It is not easy being a stock investor these days with markets on a relentless downward spiral. The S&P 500 index is about 23% down from its highs and even the commodity-laden TSX Composite has fallen about 12%. While a bear market is painful to experience, there is a silver lining for long-term investors — lower stock prices today means higher expected returns from equities in the future. According to Standard & Poors estimates, the US market is currently trading at a trailing P/E ratio of 14.7 and a forward P/E of 13.9. The earnings yield on the S&P 500 index is 7.1% compared to 3.84% for 10-year bonds. Of course, the market could go lower from here but even if S&P earnings show no growth and valuations stay the same, equity investors can earn close to a 8% return for sticking with equities.

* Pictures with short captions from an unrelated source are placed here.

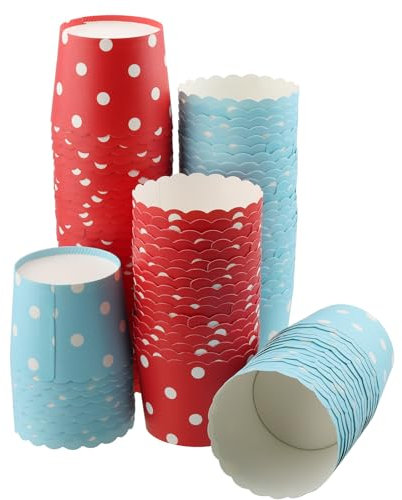 CHUEHKAK 100 stycken muffinsformar röd vit blå, cupcake-formar papper, bakkoppar, cupcake-pappersformar, bakbägare cupcake-liners, 2 färger, 50 stycken, för tårta och dessert bakning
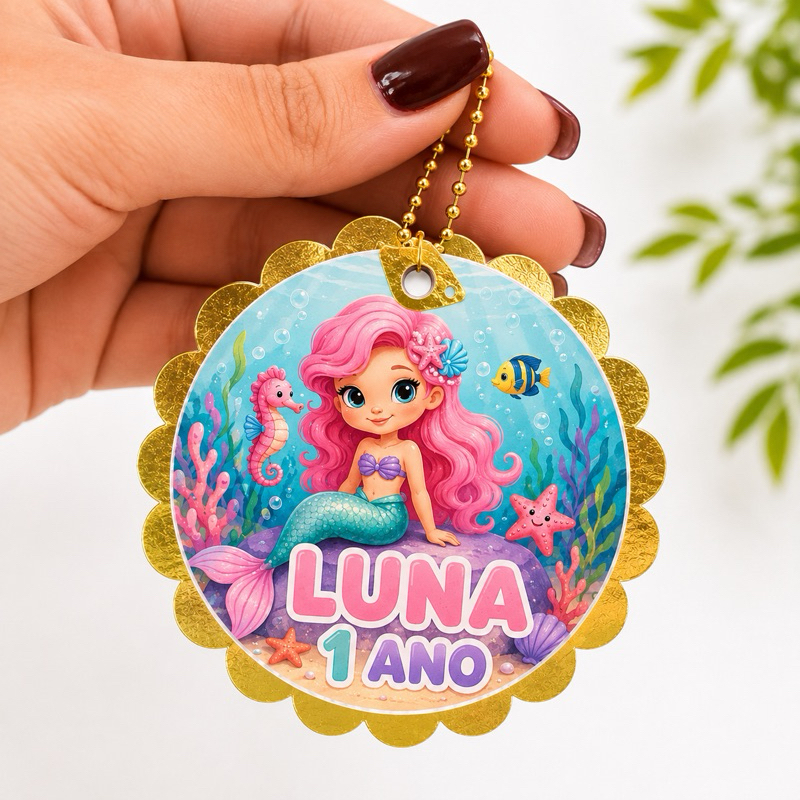 Tag Aplique Sereia Personalizada | Nome e Idade | Lembrancinha Festa Infantil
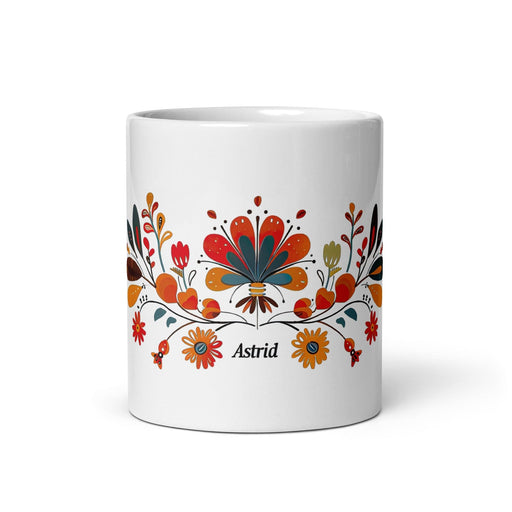 Astrid Exclusive Name Art Piece Home Office Work Coffee Mug Mexican Spanish Pride Gift Cup One-Of-A-Kind Calligraphy White Glossy Mug | A4 Mexicada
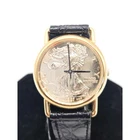 Vintage 1987 Walking Liberty Coin Dial Watch Gold Tone Black Leather ELC891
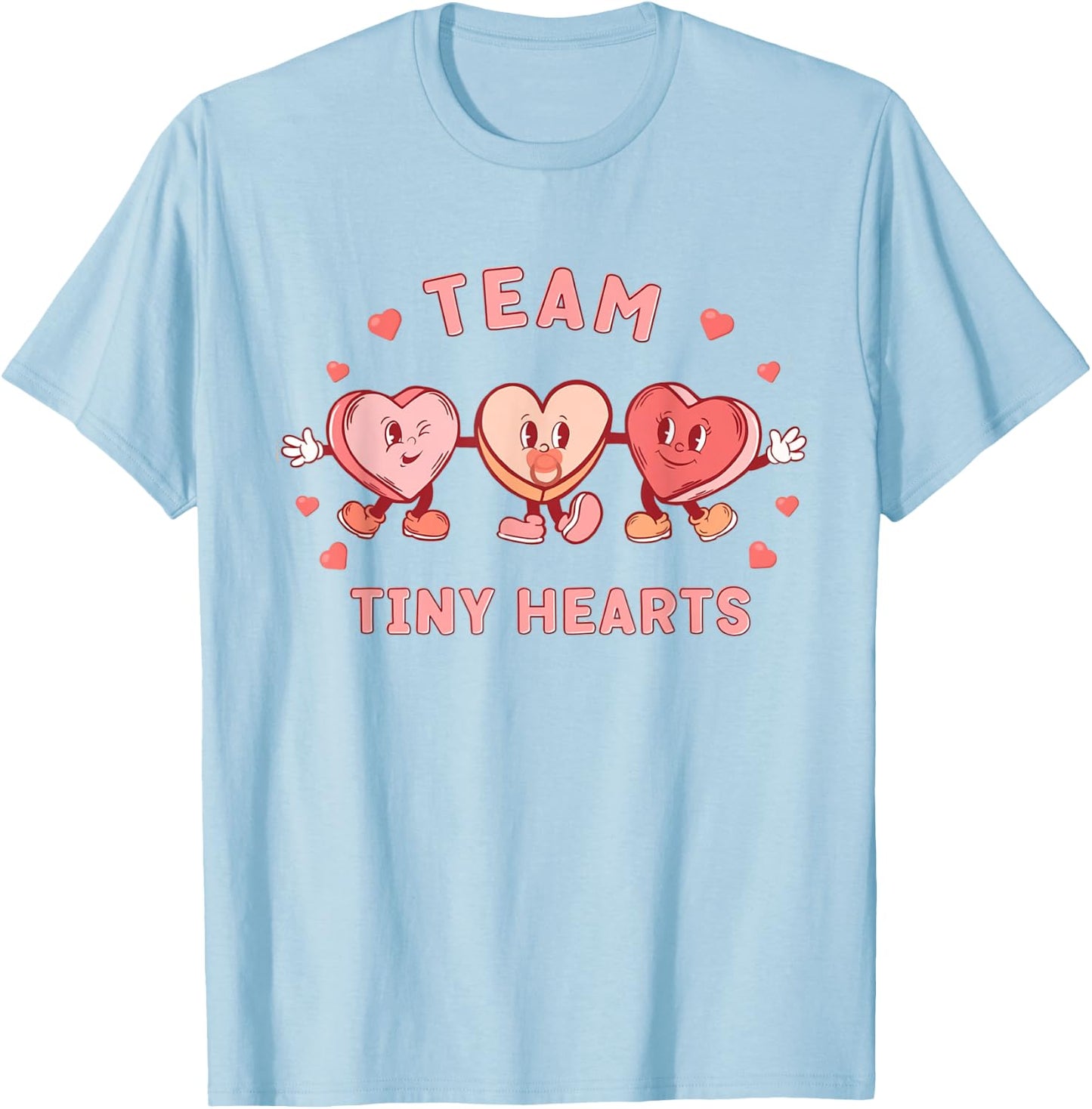 Retro Team Tiny Hearts Nurse Valentines Peds Cardiac Nurse T-Shirt - T-Shirt | Light Blue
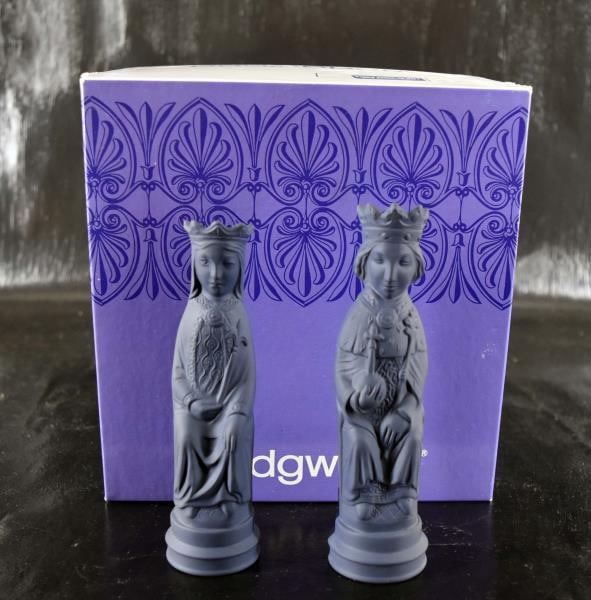 Wedgwood Chess Pieces: Featuring Blue Chess Pieces King And Queen In Original Box Each Measuring 6" Tall And 1 1/2" Wide. Condition Is Good With No Nicks, Chips Or Cracks.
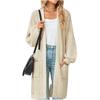Solid Color Women's Knitted Mid-length Cardigan with Pockets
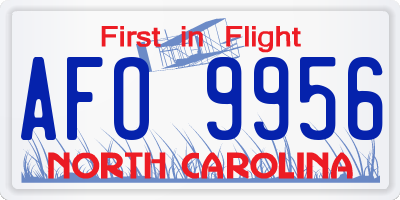 NC license plate AFO9956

Jason Zweig, kicked off a new column titled “The Intelligent Investor” for The Wall Street Journal by suggesting that long-term investors should start loving the bear market and quoting Warren Buffett:
This May, at the Berkshire Hathaway annual meeting, Warren Buffett boiled down what it means to be an intelligent investor into two startling sentences: “If a stock [I own] goes down 50%, I’d look forward to it. In fact, I would offer you a significant sum of money if you could give me the opportunity for all of my stocks to go down 50% over the next month.” Knowing he owns good businesses, Mr. Buffett wants prices to go down, not up, so he can buy even more shares more cheaply before the bounce back.
It’s easier said than done amidst all the fear and loathing on Wall Street and Bay Street but he concludes:
But if you are still in your saving and investing years, a bear market is a gift from the financial gods — and the longer it lasts, the better off you will be. Instead of running from the bear, you should embrace him.
I’m not exactly embracing the bear (truth be told, it is painful to find out half way through the year exactly where we were at the beginning of 2008) but I did finally pick up some Vanguard Emerging Markets ETF (VWO) to round out our allocation to foreign equities.